### Source records
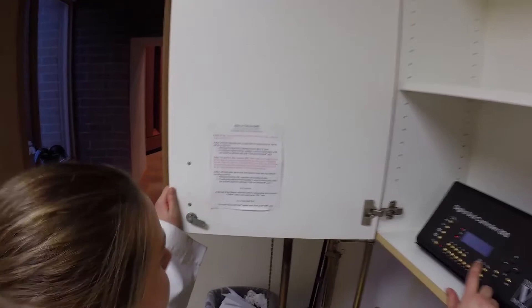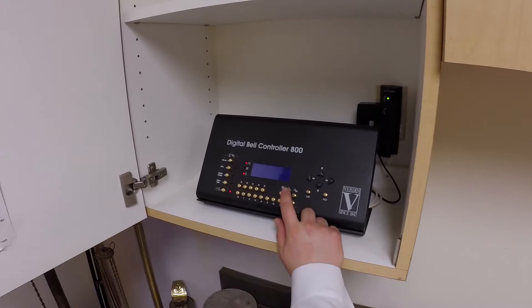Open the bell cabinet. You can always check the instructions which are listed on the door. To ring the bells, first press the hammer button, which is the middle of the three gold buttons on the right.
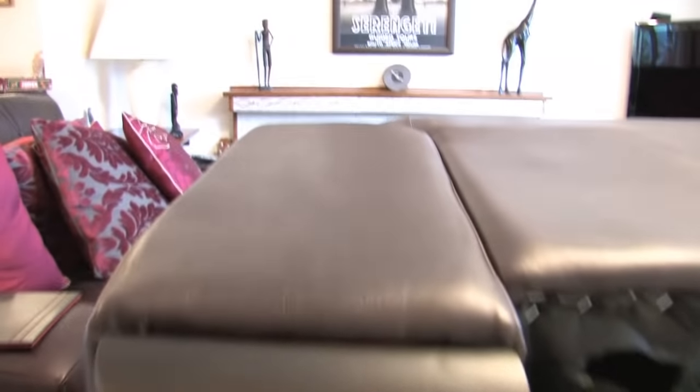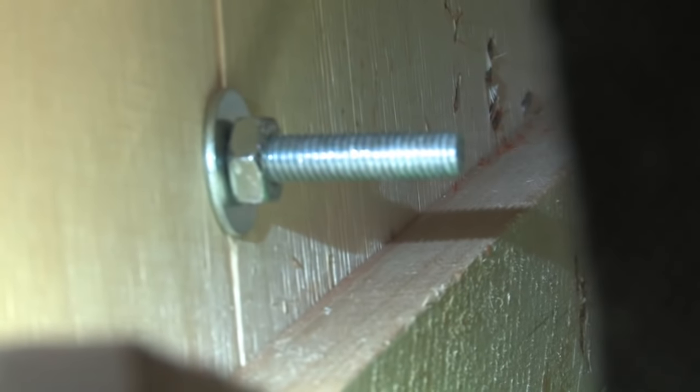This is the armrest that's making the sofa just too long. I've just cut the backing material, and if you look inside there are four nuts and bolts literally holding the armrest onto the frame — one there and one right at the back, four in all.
--
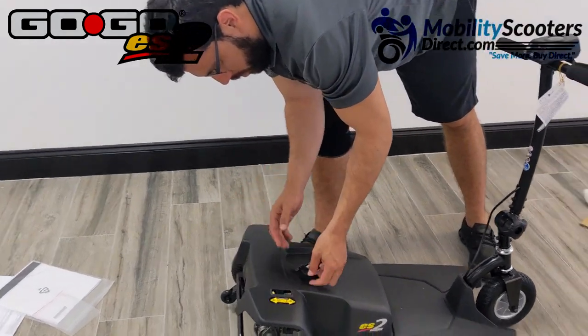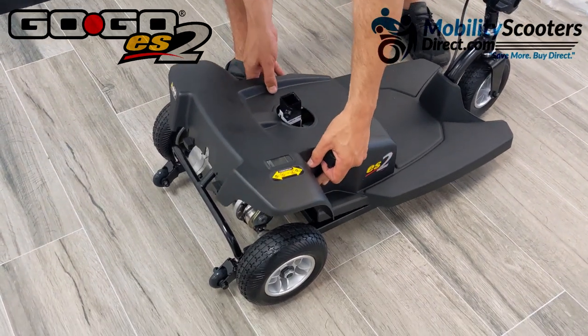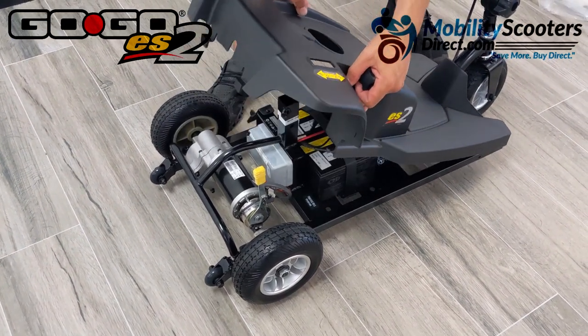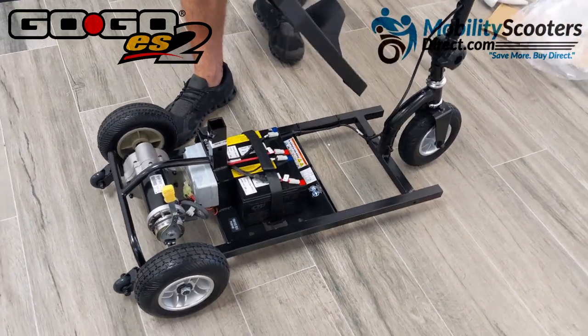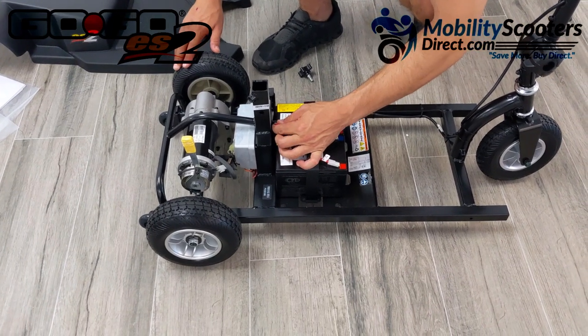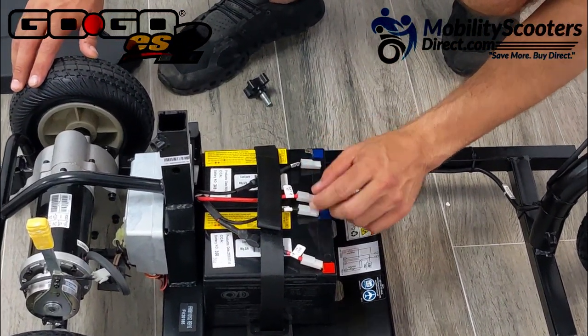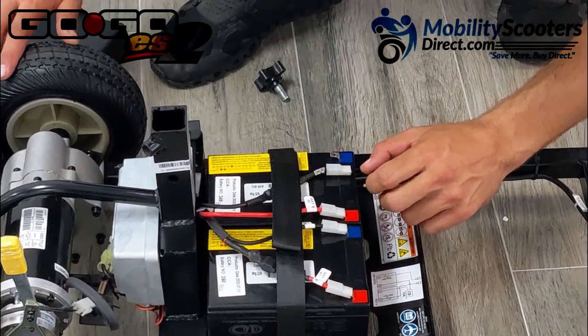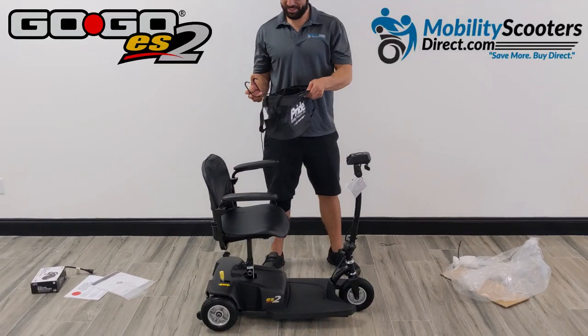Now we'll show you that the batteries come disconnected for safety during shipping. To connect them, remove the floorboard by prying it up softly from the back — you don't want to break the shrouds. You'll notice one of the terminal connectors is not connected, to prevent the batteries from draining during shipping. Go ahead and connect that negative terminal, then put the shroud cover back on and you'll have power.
---
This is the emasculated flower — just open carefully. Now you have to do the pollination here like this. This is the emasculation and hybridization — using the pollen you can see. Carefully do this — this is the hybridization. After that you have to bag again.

### Work order
Nothing but the lines above from the one that has "Open the bell" down to the one that has "This is the armrest" belongs in the answer, copied exactly, without pictures.

### Written solution
Open the bell cabinet. You can always check the instructions which are listed on the door. To ring the bells, first press the hammer button, which is the middle of the three gold buttons on the right.
This is the armrest that's making the sofa just too long. I've just cut the backing material, and if you look inside there are four nuts and bolts literally holding the armrest onto the frame — one there and one right at the back, four in all.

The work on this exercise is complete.